Peningkatan angka kematian di Sumbar sepekan terakhir bahkan menjadi yang tertinggi di Indonesia. Juru bicara Satgas Penanganan Covid-19 Nasional, Wiku Adisasmito, Selasa (15/9/2020), mengatakan hal itu dalam konferensi pers yang disiarkan melalui akun YouTube Sekretariat Presiden.
”Perkembangan kasus meninggal Covid-19 mingguan, selama seminggu terakhir (Indonesia) mengalami kenaikan 2,2 persen. Kenaikan kematian tertinggi nomor satu adalah Sumatera Barat, sebesar 150 persen, dari empat orang menjadi 10 orang (per pekan),” kata Wiku.
Pada peringkat kedua ada Bali yang angka kematiannya naik 72,5 persen dari 40 orang menjadi 69 orang per pekan, disusul oleh Riau naik 35,5 persen dari 17 orang menjadi 23 orang per pekan.
Faktor terlambatnya pasien dibawa ke rumah sakit juga turut mempengaruhi meningkatnya angkat kematian pasien Covid-19.
Juru bicara Gugus Tugas Percepatan Penanganan Covid-19 Sumbar, Jasman Rizal, Kamis (17/9/2020), mengatakan, ada korelasi antara peningkatan persentase positivity rate dan jumlah kasus positif Covid-19 dengan kenaikan jumlah pasien meninggal.
”Korelasinya sangat signifikan.
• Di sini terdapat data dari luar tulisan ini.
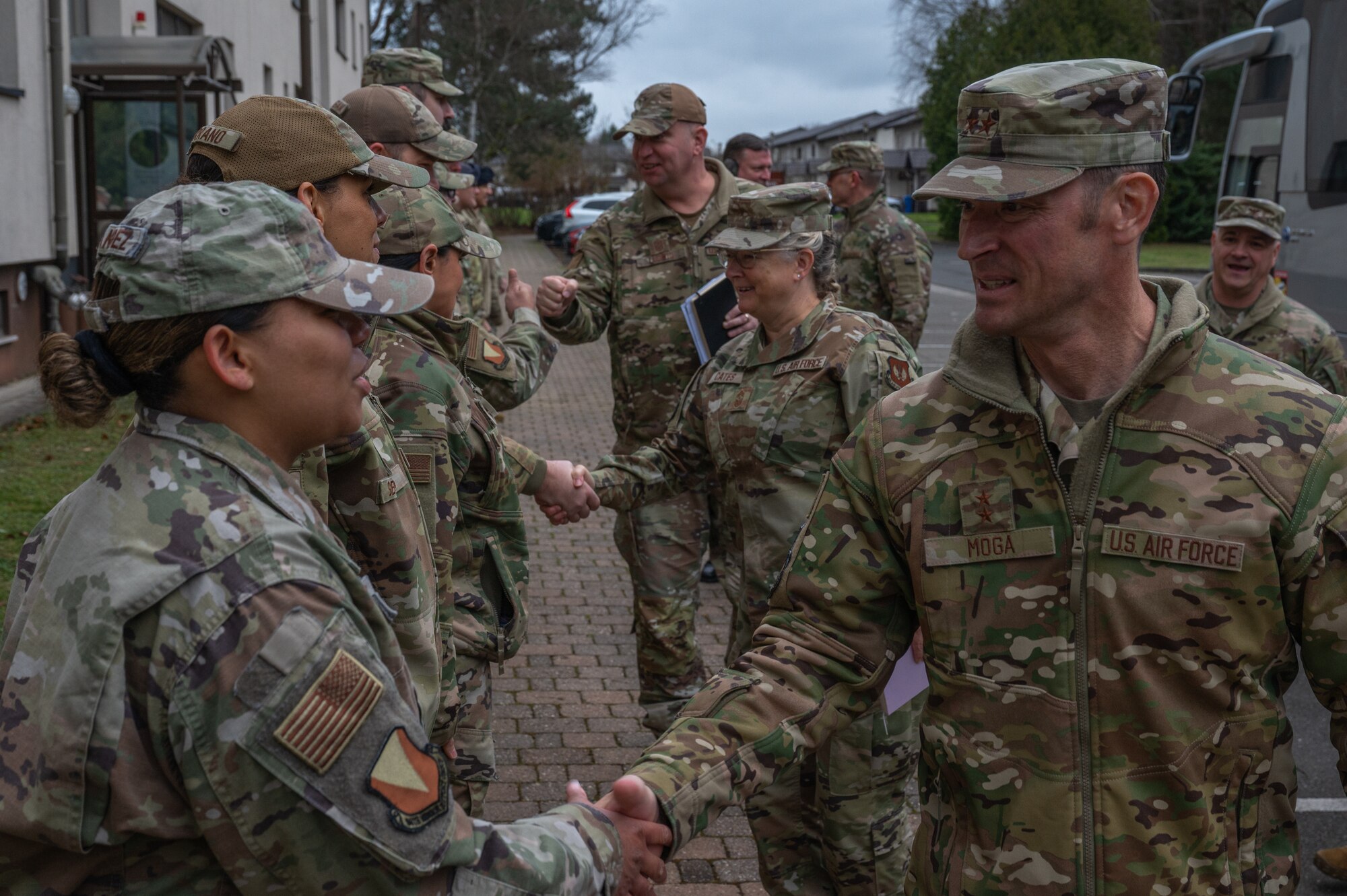 People shake hands in a line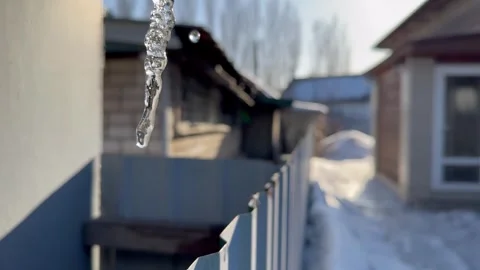 Springtime, ice melting in the sun, water dripping from icicles Stock Footage 270246539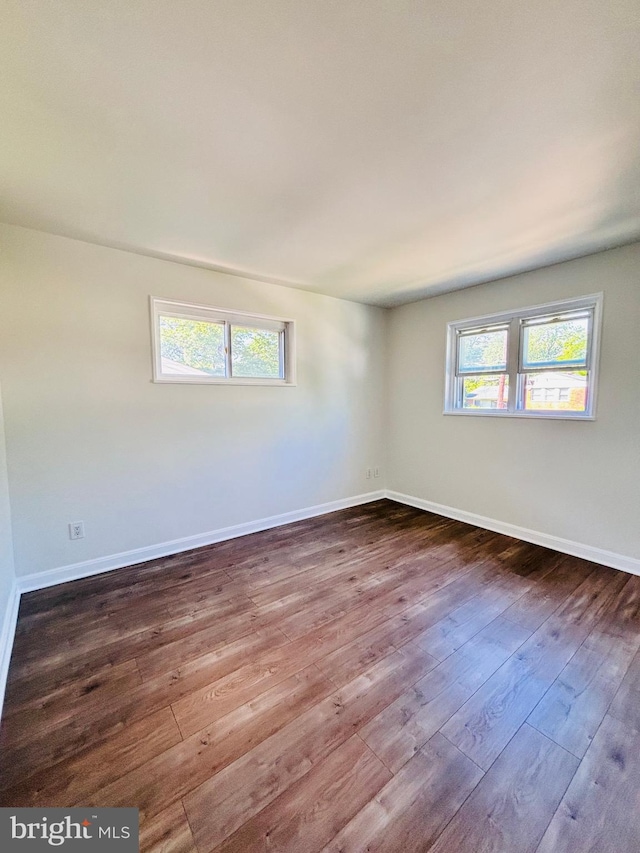 13015 Estelle Rd, Silver Spring, MD 20906 - unfurnished room featuring plenty of natural light, dark wood-type flooring, and baseboards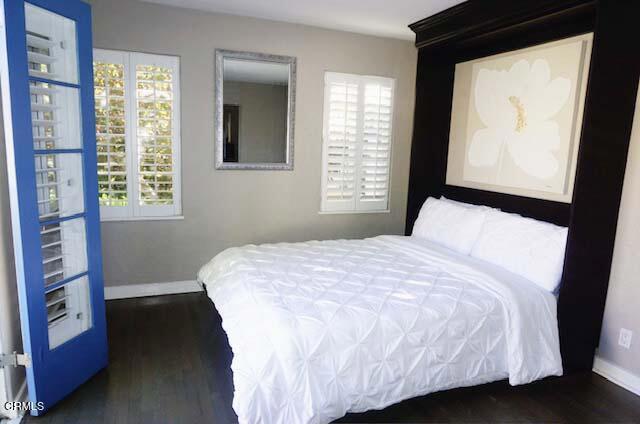 bedroom with dark hardwood / wood-style flooring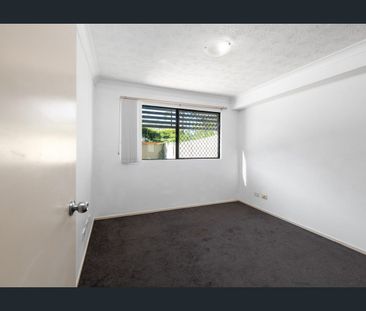 Charming Two-Bedroom Unit with Generous Private Courtyard in Secure... - Photo 2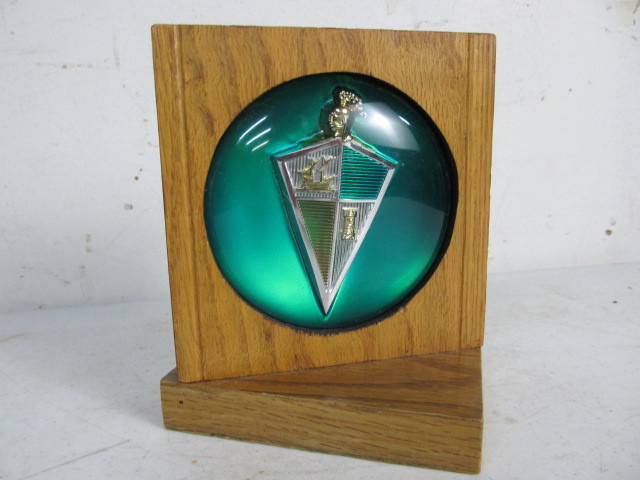 lot 102 image: Vintage Auto Emblem Display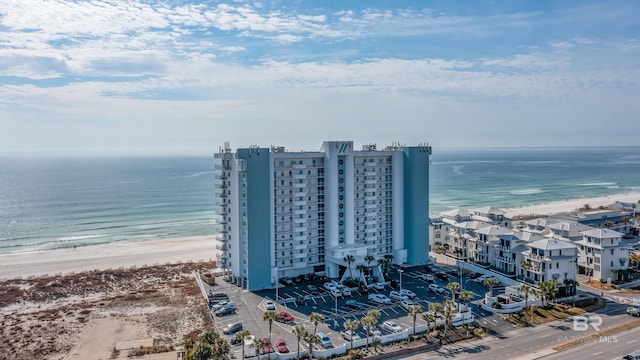 birds eye view of property with a water view and a view of the beach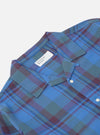 Close-up of the Blue Kip Check Long Pyjama Set top on a white background. The blue, green, and maroon plaid shirt has a collar and white buttons.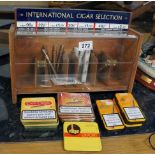 Selection of tinned cigars and stand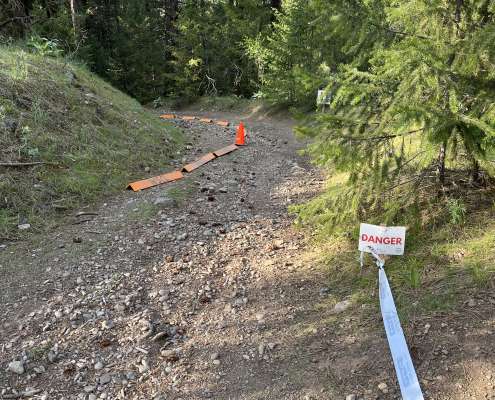 mountain trail with "danger" sign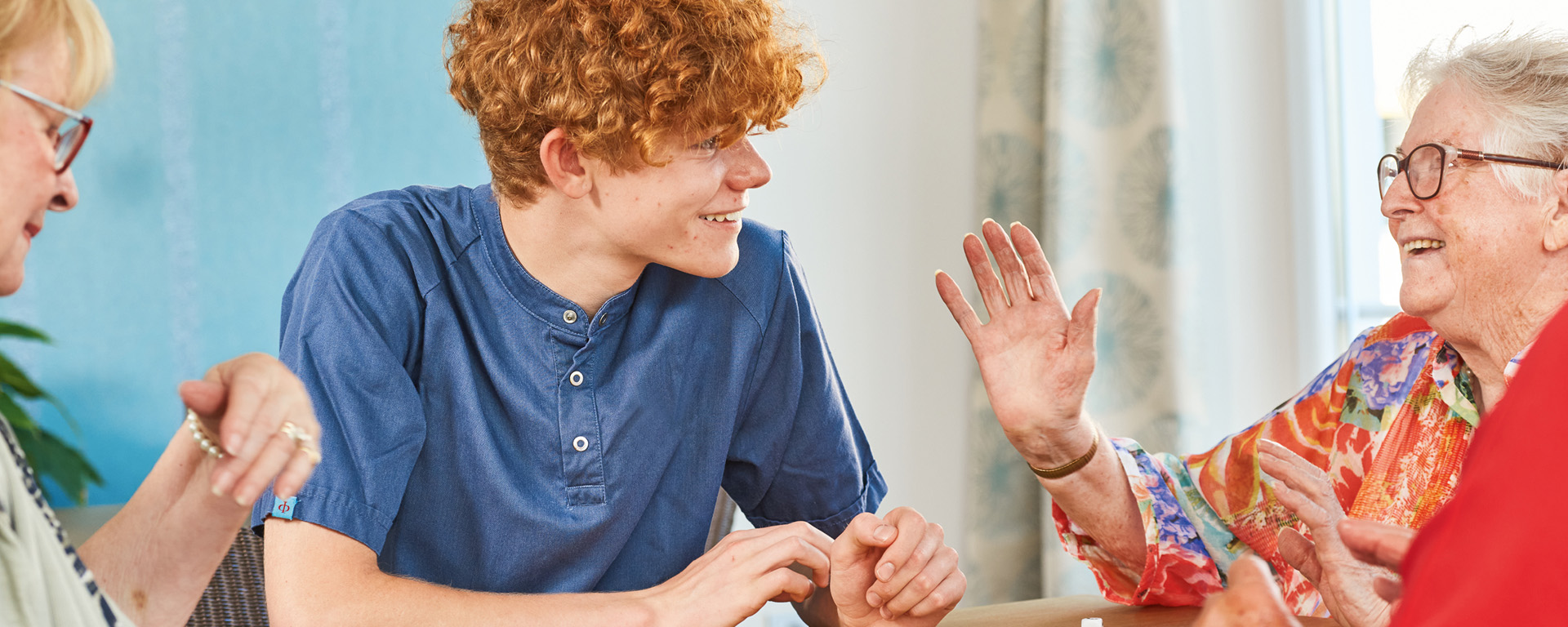 Ein Pfleger des Augustinum unterhält sich mit zwei Seniorinnen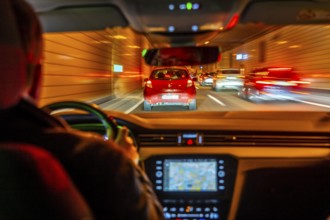 Driving on the A40 motorway, Ruhrschnellweg, in heavy traffic, driver's perspective, tunnel, Essen,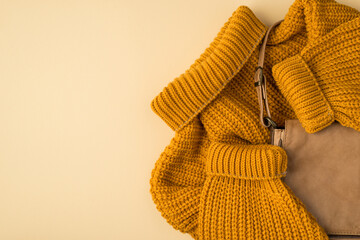 Top view photo of yellow knitted pullover and leather bag on isolated pastel beige background with empty space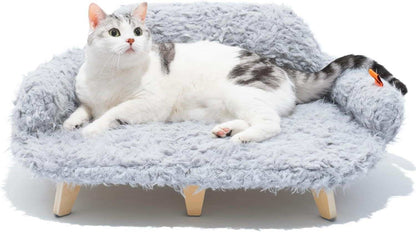 Cat lying on a fluffy gray pet bed with wooden legs against a white background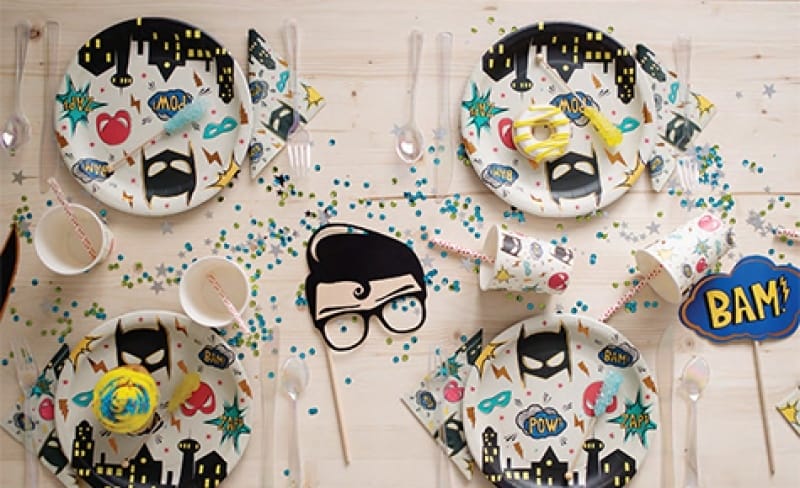 Superhero servetten op een feesttafel met superheldenborden, maskers, confetti en een grote BANG!-tekst.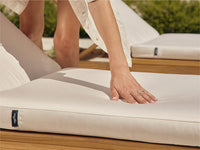 A woman pressing her hand into a soft Neighbor sun lounger seat cushion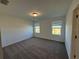 Spacious bedroom with neutral carpet and two windows offering outside views at 16464 Happy Eagle Dr, Clermont, FL 34714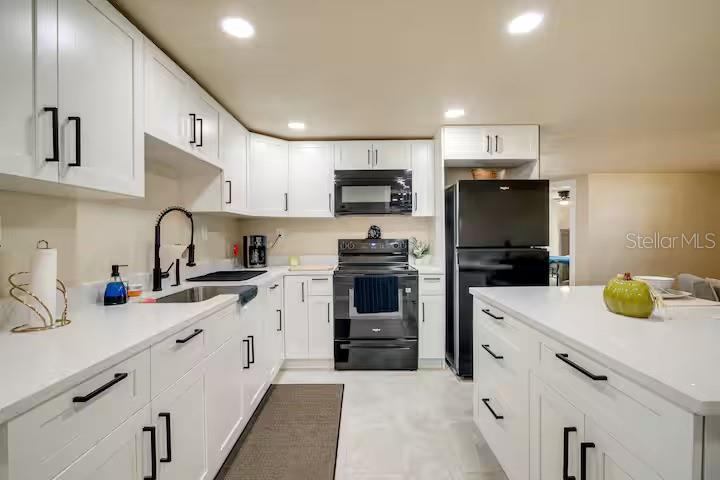 A kitchen with white cabinets, black appliances, and a central island with white countertops — 7252 DIANNE DRIVE, NEW PORT RICHEY, FL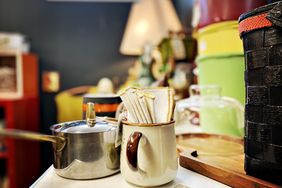A mug containing napkins placed next to a saucepan on a table surrounded by various household items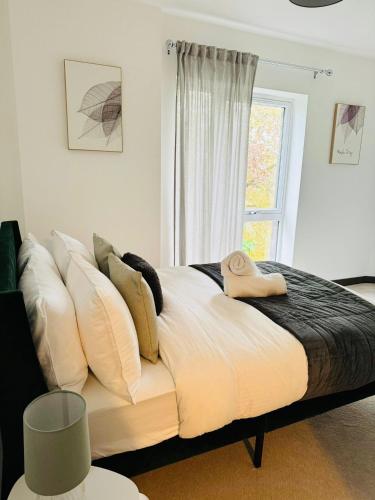 a bed with white pillows and a window in a room at Luxurious & Spacious 2 Bed Apartment- Private Parking in Kent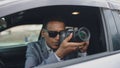 Paparazzi man sitting inside car and photographing with dslr camera Royalty Free Stock Photo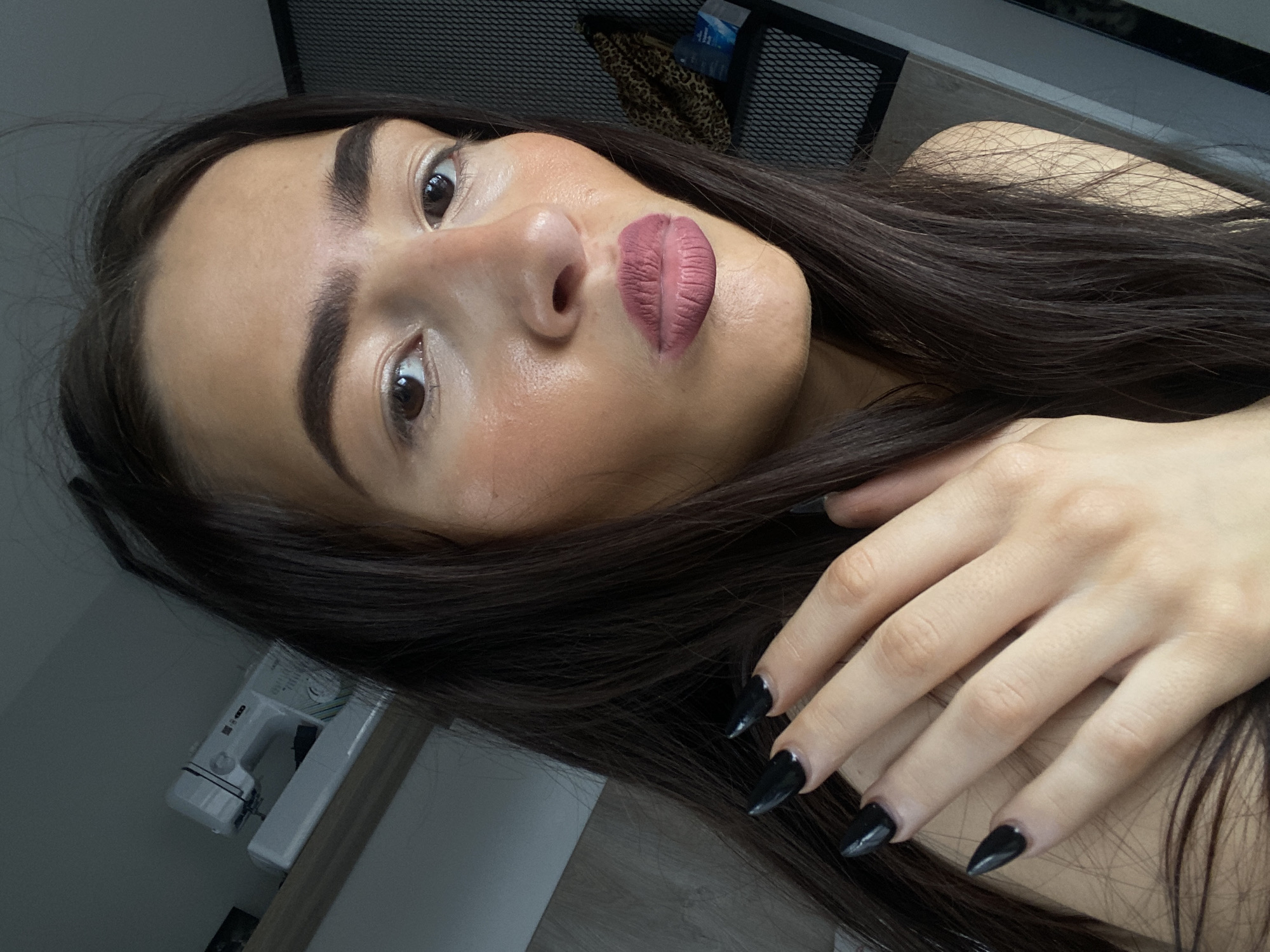 An indoor, close-up portrait in the city of London, United Kingdom, features a female subject positioned from the chest up, gazing directly at the camera with pursed lips. Her long, dark brown hair falls over her shoulders. Her right hand, adorned with long, black, pointed artificial nails, rests across her left shoulder. The subject has an olive skin tone, visible blush/contour on her cheeks, dark eyebrows, and wears dark pink matte lipstick.
The background reveals a domestic environment. To the upper left, a white sewing machine rests on a light wooden shelf. To the upper right, a dark, perforated mesh panel is visible. Below the mesh panel, on a lower shelf, there is a folded leopard-print fabric item and a white rectangular package with blue text. The lighting illuminates the subject from the front or slightly above.
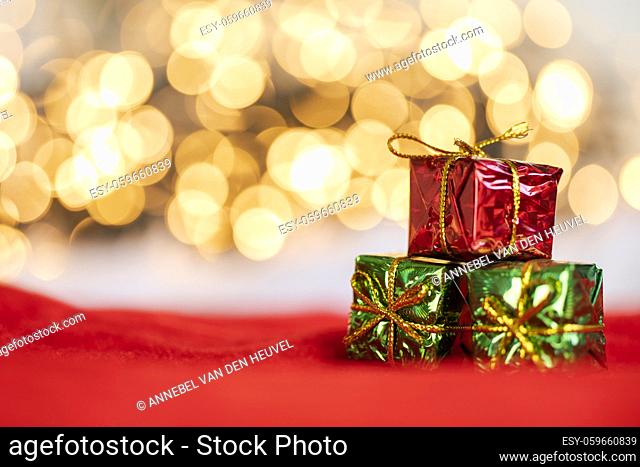 christmas present red and silver baubles against bokeh lights gold shiny glitter background with copy space, space for text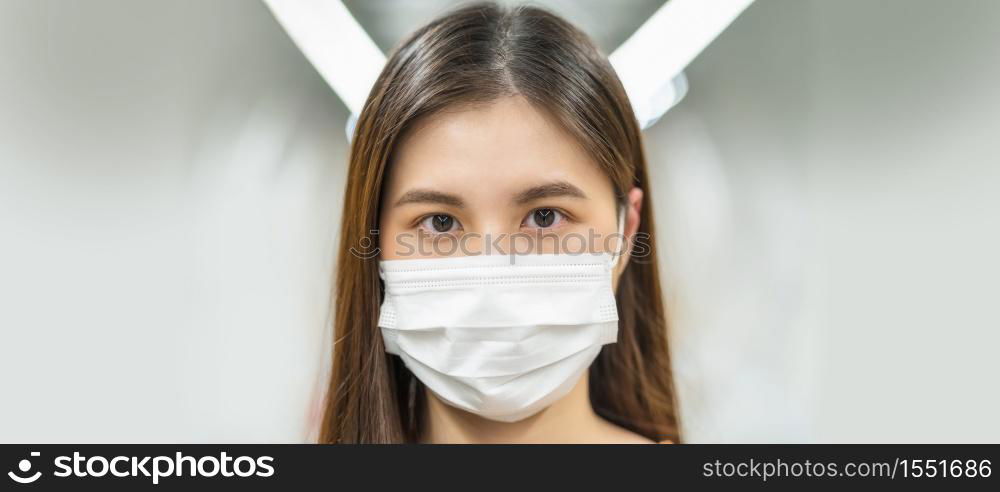 Young Asian woman passenger wearing surgical mask and looking at camera in subway train when traveling in big city at Covid19 outbreak, Infection and Pandemic, social distancing and new normal concept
Kemarin itu positivity rate sampai 3 persen. Selain itu, kebanyakan pasien meninggal punya penyakit bawaan atau komorbid sehingga susah disembuhkan,” kata Jasman.
Menurut Jasman, faktor terlambatnya pasien dibawa ke rumah sakit juga turut memengaruhi meningkatnya angkat kematian pasien Covid-19. Kebanyakan pasien dibawa ke rumah sakit dalam kondisi berat karena sebelumnya gejala yang diderita dianggap sebagai penyakit biasa. Akhirnya, karena terlambat diketahui positif Covid-19, pasien pun terlambat ditangani.

Petugas mengeluarkan peti mati dari mobil jenazah di kompleks Tempat Pemakaman Umum (TPU) Pondok Ranggon, Jakarta Timur, Selasa (5/5/2020).
Jasman pun mengimbau masyarakat agar cepat memeriksakan diri ke fasilitas kesehatan apabila mulai merasakan gejala mengarah Covid-19. Selain itu, yang paling penting adalah menjaga diri agar tidak sampai terpapar Covid-19. Protokol kesehatan mesti diterapkan secara disiplin.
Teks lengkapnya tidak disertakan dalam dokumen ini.